A councillor who branded a colleague a “bitch” in an online meeting – unaware that she could be heard – has stepped down from her leading role on the council’s equalities committee.
Labour councillor Carmen Appich made the comment at a housing management panel when her former party colleague, Councillor Kate Knight, now an independent, joined the meeting.
More than 70 people were taking part in the meeting using Zoom software when the remark was made.
Participants usually “mute” themselves when they are not speaking but Councillor Appich could clearly be heard.
The episode – branded “bitch-gate” – is understood to have become the subject of a formal complaint under Brighton and Hove City Council’s standards procedure.
Councillor Appich emailed a public apology to everyone at the meeting, which was not listed on the council’s calendar of meetings held in public.
She has also stepped down from the council’s Tourism, Equalities, Communities and Culture (TECC) Committee, having previously been the chair.
She has spoken for Labour on the committee since the Greens took charge of the council in the summer.
Councillor Appich wrote: “I am deeply sorry for my unprofessional and inappropriate language at the housing management panel meeting on Thursday 1 October 2020.
“I very much regret the offence I caused to Councillor Knight and to all of you on the call.
“I will not make any excuses.

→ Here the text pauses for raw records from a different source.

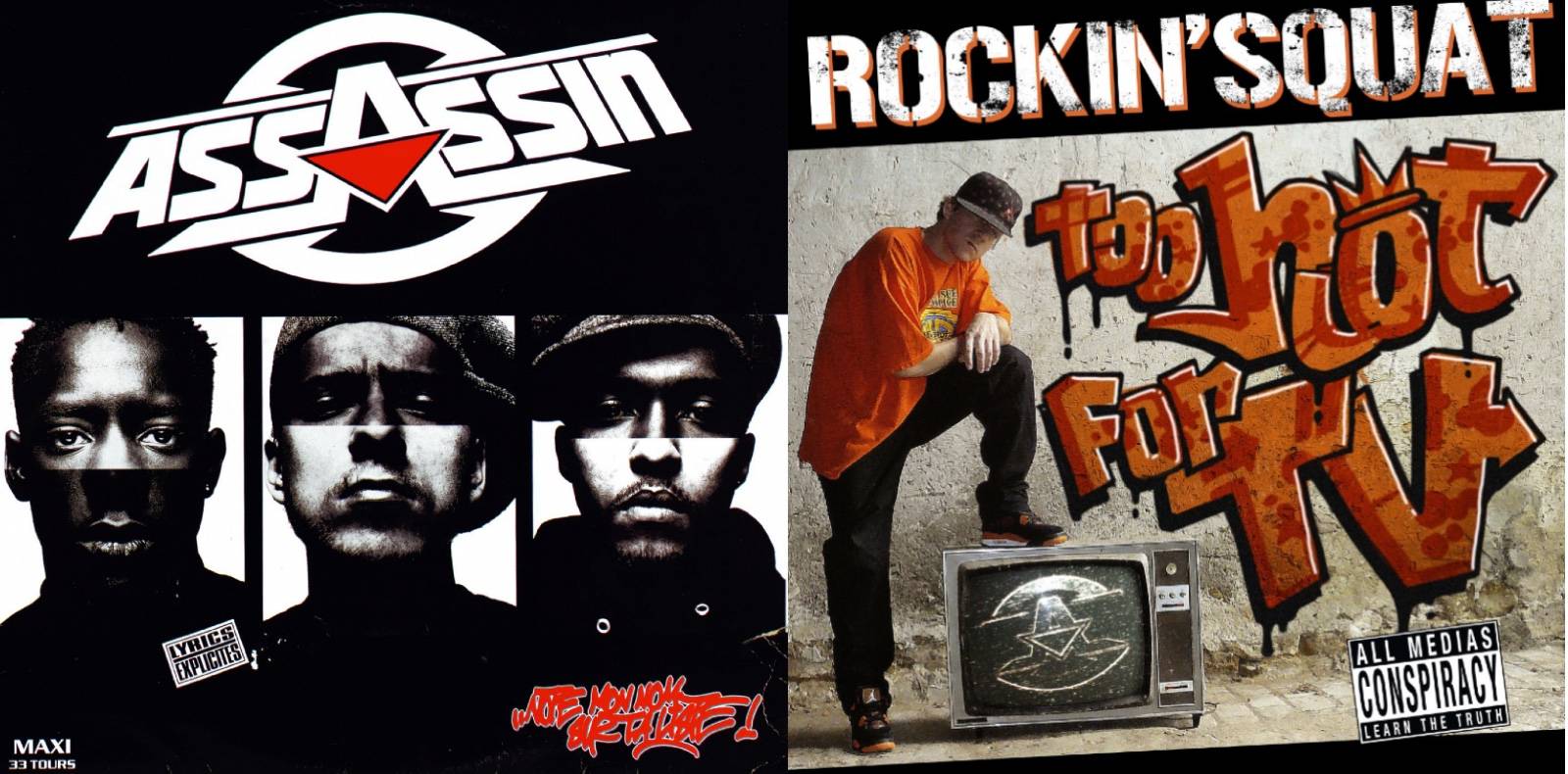 “Note mon nom sur ta liste” Assassin (1991) and “Too Hot for TV” by Rockin’Squat.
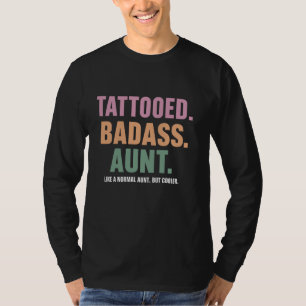 Camiseta Tattoed Badass Tía Inked Funny Present For Tunas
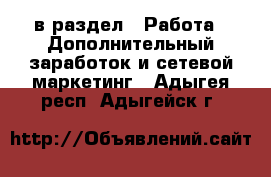  в раздел : Работа » Дополнительный заработок и сетевой маркетинг . Адыгея респ.,Адыгейск г.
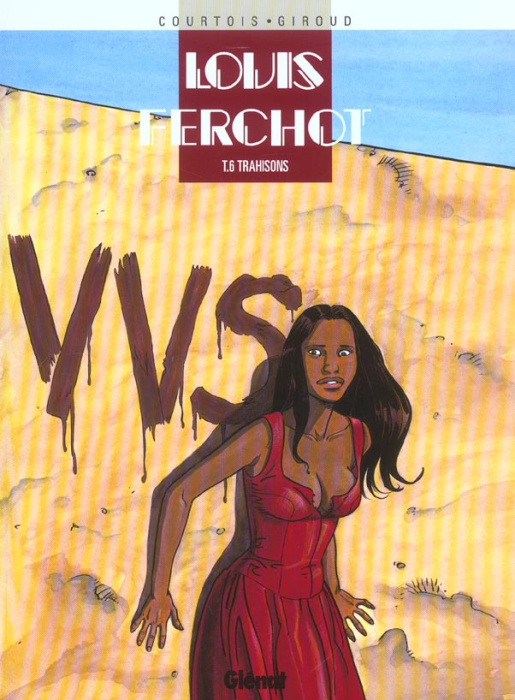 Emprunter Louis Ferchot Tome 6 : Trahisons livre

My behaviour was inexcusable.
“I called Councillor Knight and wrote to her last week to apologise directly but I’m following up in writing to all who attended that meeting so you know I’m well aware of the seriousness of what I did.
“This was a horrible mistake and I want to assure you this won’t happen again.
“I deeply regret the anguish and upset I have caused Councillor Knight and any of you.”
Councillor Knight said: “I do not want to comment specifically on any incident. There is a formal complaints procedure that deals with the conduct of elected members and that should be allowed to run its course.
“However, I would like to say that, regardless of political differences, there is no place in public life for personal insults, slurs or abusive and discriminatory language.
“Such behaviour brings political parties and politicians into disrepute, especially at a time when there is already little faith in politics more widely.
“And as my mother always taught me, such language says far more about the person using it than it ever does about whoever is on the receiving end.”
Councillor Knight resigned from the Labour Party in July when she was facing suspension after being reported for anti-semitism over a number of posts on social media.
She strenuously denied the claims and said: “I abhor anti-semitism which, along with all other forms of racism, is a scourge that blights our society and every political party.
“I am not anti-semitic and I regret if anything I posted caused distress as this was not my intention.”
In response to the “bitch-gate” furore, Labour leader Nancy Platts said: “I was obviously shocked and disappointed to hear that this happened.
“It was unacceptable and below the standards I’d expect of any councillor.”
Councillor Platts added: “Councillor Appich has apologised in writing to all attendees of the meeting.
“She has also stepped aside from her role on the TECC Committee.”